Coachella is never without news or surprises. However, one particular moment is drawing eyes other than the great No Doubt reunion, Blur’s perplexed reaction to the crowd, and Lauryn Hill’s appearance during her son YG Marley’s set. Nope, the topic of discussion is centered around Grimes and the number of “technical mishaps” surrounding her DJ set. She repeatedly apologized to the packed Sahara tent crowd, rage screamed at points, and apologized after her set. Mistakes happen, and I’ve been to several DJ sets where things messed up, and they had to think on the fly. It’s just the name of the game. Not everything is going to be perfect. The difference in this situation is that there was a total reliance on  “outsourcing” the process of Rekordbox BPMs and letting somebody else set up the tracklist. This clashed with Grimes’s inability to match up the tempos. That could have been avoided if she listened to her set beforehand.

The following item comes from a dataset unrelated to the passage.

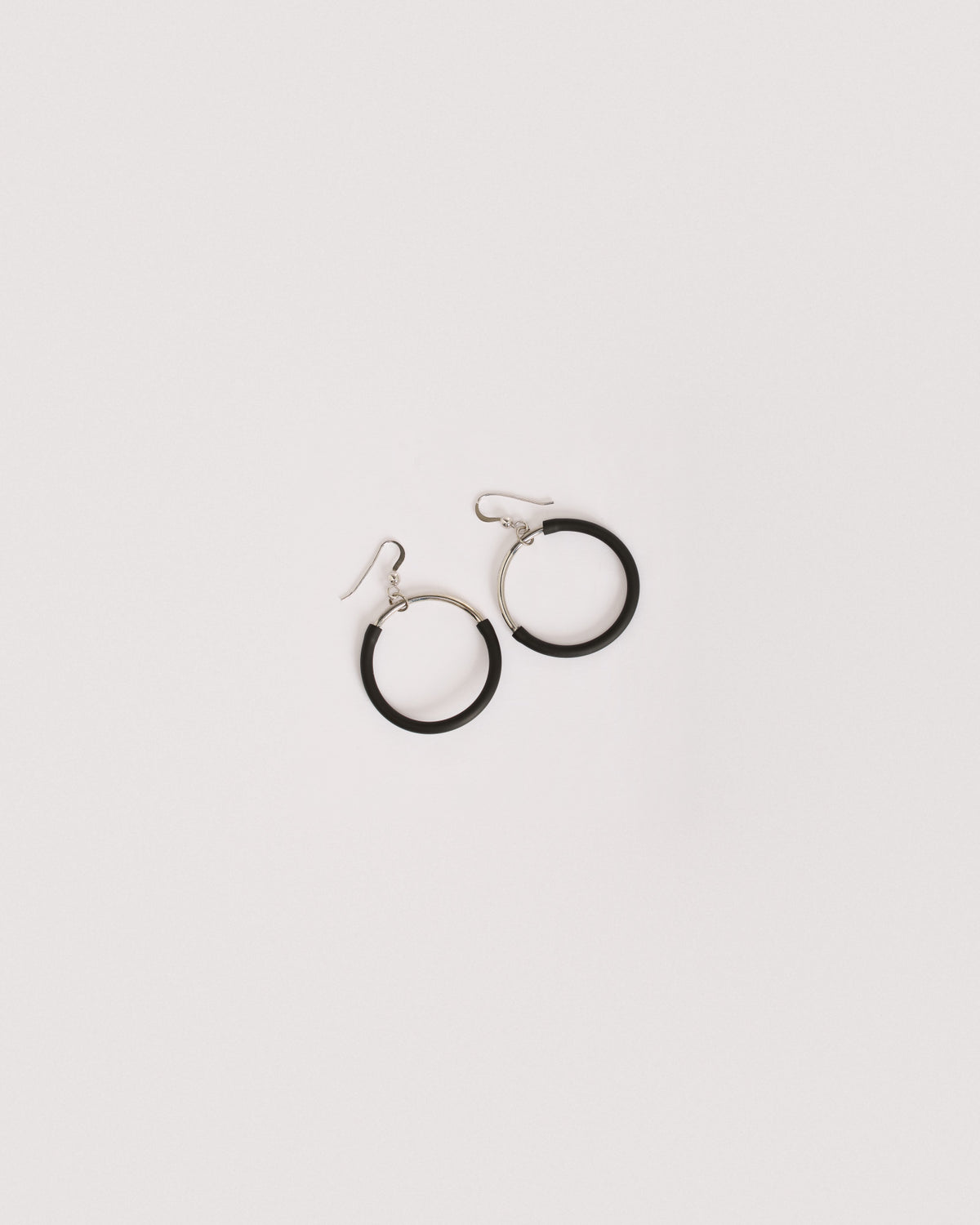 Woman wearing Eclissi Rhodium Earrings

It speaks to a more significant issue regarding the relationship between technology and the overreliance on the methods of the artistic process. For example, Pro Tools eased the complications of music production and once was the standard in mixing. It made removing some rough inefficiencies in compositions easier, making them sound better. This issue resides when you rely on something like Pro Tools so much that it takes the natural flow of creation out of the musical process. If the vocalization in the Pro Tools-aided song is artificial, it will show in the live performance (if you choose not to lip-sync to a backing track. You’re prerogative, of course). With DJing, you have to be in tune with the crowd’s vibe, identify the type of crowd and what music/tempo is getting the best reaction, and act accordingly. The auto-sync button is there for “in case of emergency” purposes, and there’s no substitute for doing the work. Sure, you can learn how to program how a violin sounds within a computer, but the more rewarding way is learning the instrument. 

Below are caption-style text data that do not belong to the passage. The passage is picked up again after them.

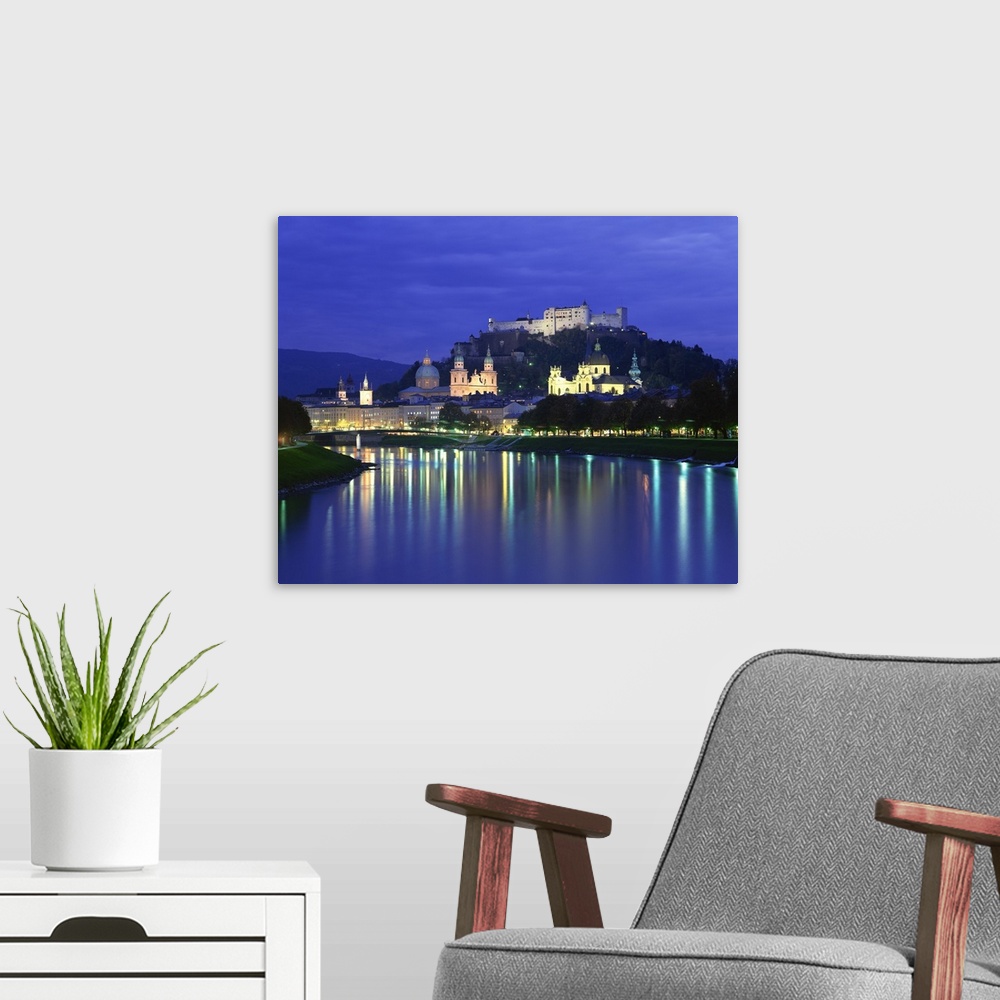 A modern room featuring City and castle at night from the river, Salzburg, Austria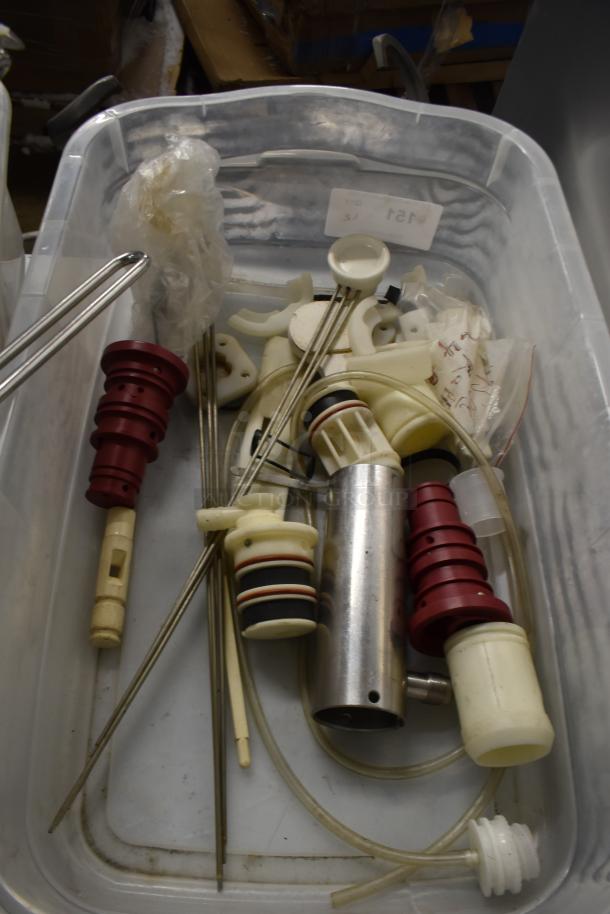 Two bins of assorted ice cream machine parts, including augers and front panel, in good condition, some in original packaging.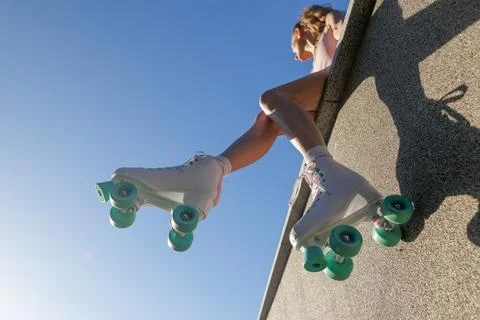 Low angle retro roller skates dangling from wall against blue sky summer li.. Stock Photos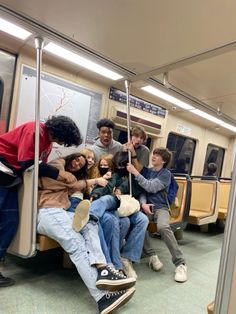 a group of people sitting on a subway car with their arms around each other,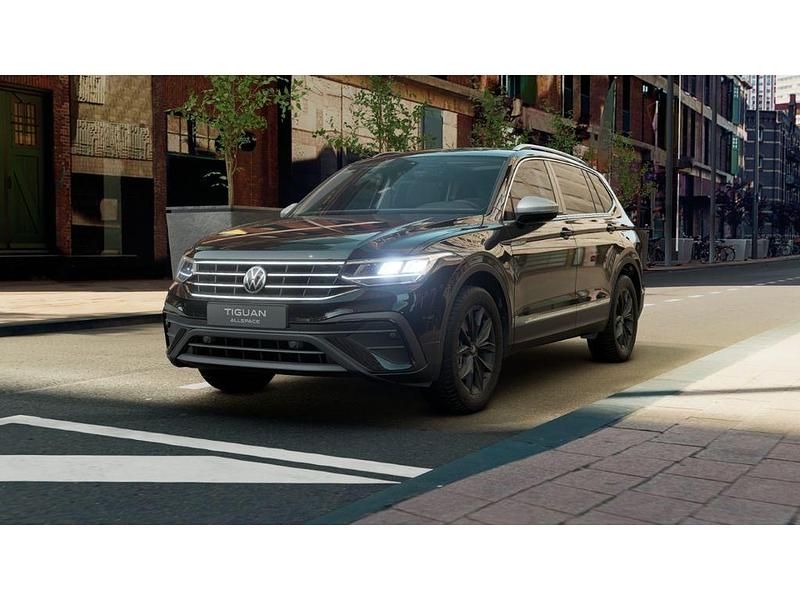 Schwarz Gebraucht 2024 VW Tiguan Allspace Move SUV | 43.425 € (Teuer) - Bild 1/4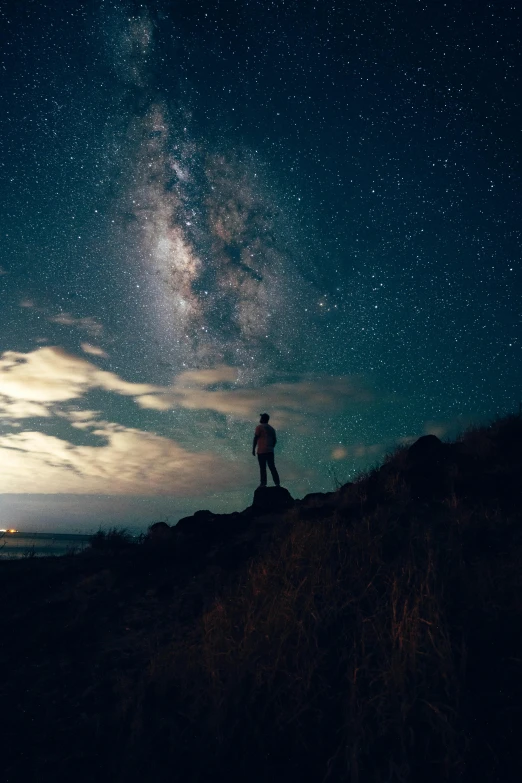 a person standing on a hill looking at the night sky, trending on unsplash, light and space, multiple stories, big island, astronaut standing looking, ( ( ( ( kauai ) ) ) )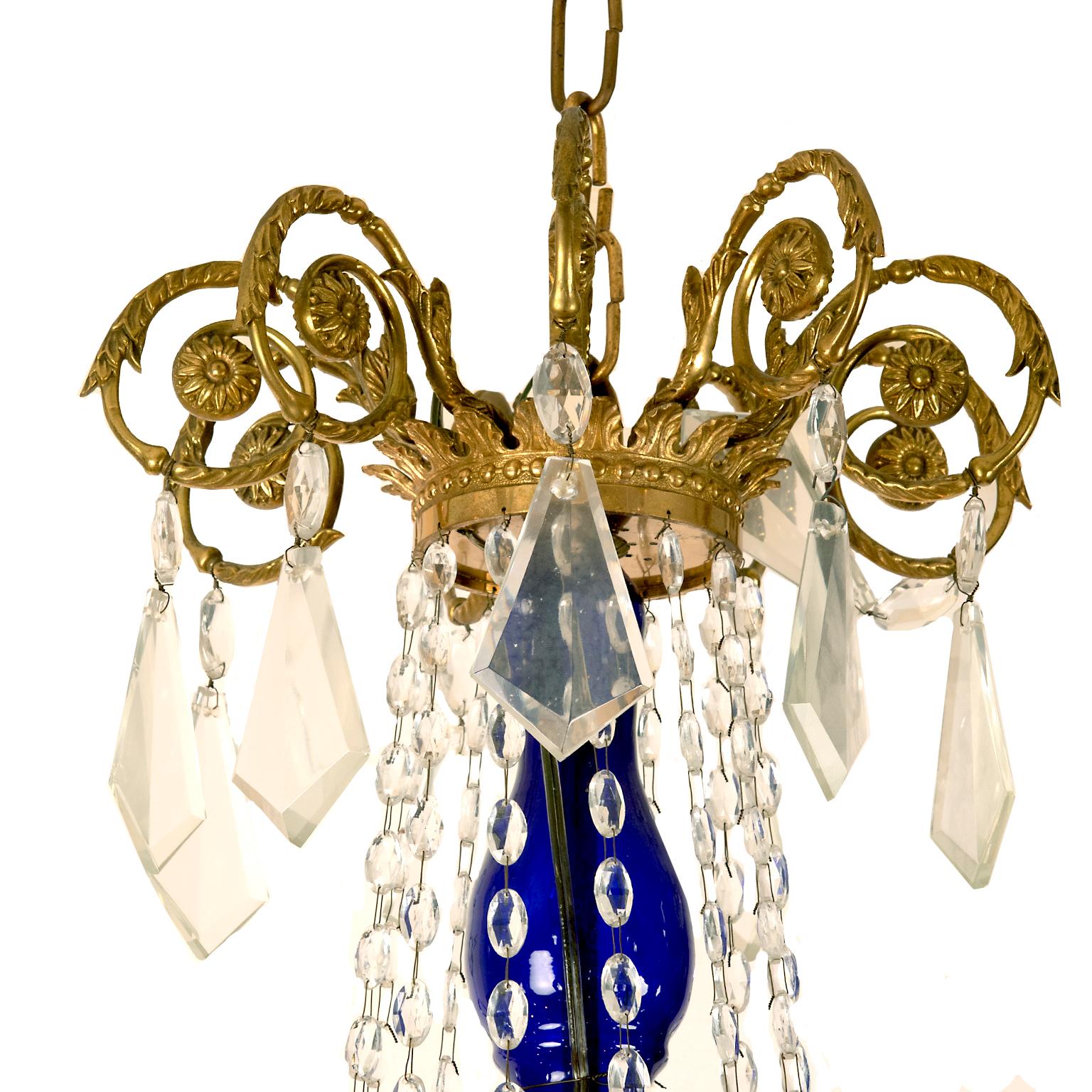 This magnificent large gilt bronze (ormolu) chandelier is decorated with clear crystal drops and cobalt blue glass bobeche, column and decorative hanging ball. It comes from a magnificent home in Toronto’s
the Bridal Path neighborhood. It is wired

Within the tech world, there’s a push for integrating AI apps and components into the creative process because there’s this thought that it’s all algorithmic— that creativity is something that can be punched into a prompt and spit back out like a Pepsi machine. In reality, it’s the 10,000 hours that make a group like Justice so good at re-creating their sets from their songs that you heard before in a new way. It’s the itching to jump the line because you feel entitled to it — but all you’re entitled to is the results of the work put in. Grimes should know this because she’s an artist who has put out five albums. They take immense time and energy, like DJs who have to think about what a Bonaroo crowd will like as opposed to a smaller party in Ibiza. It’s just respect for your audience; how you enthrall yourself is a thank you to them. I don’t particularly enjoy people bombing, and I hope Grimes is true to her word when she says that everything will be better for weekend two. More so, this is a cautionary tale that technology is best used as a helper, not a shortcut.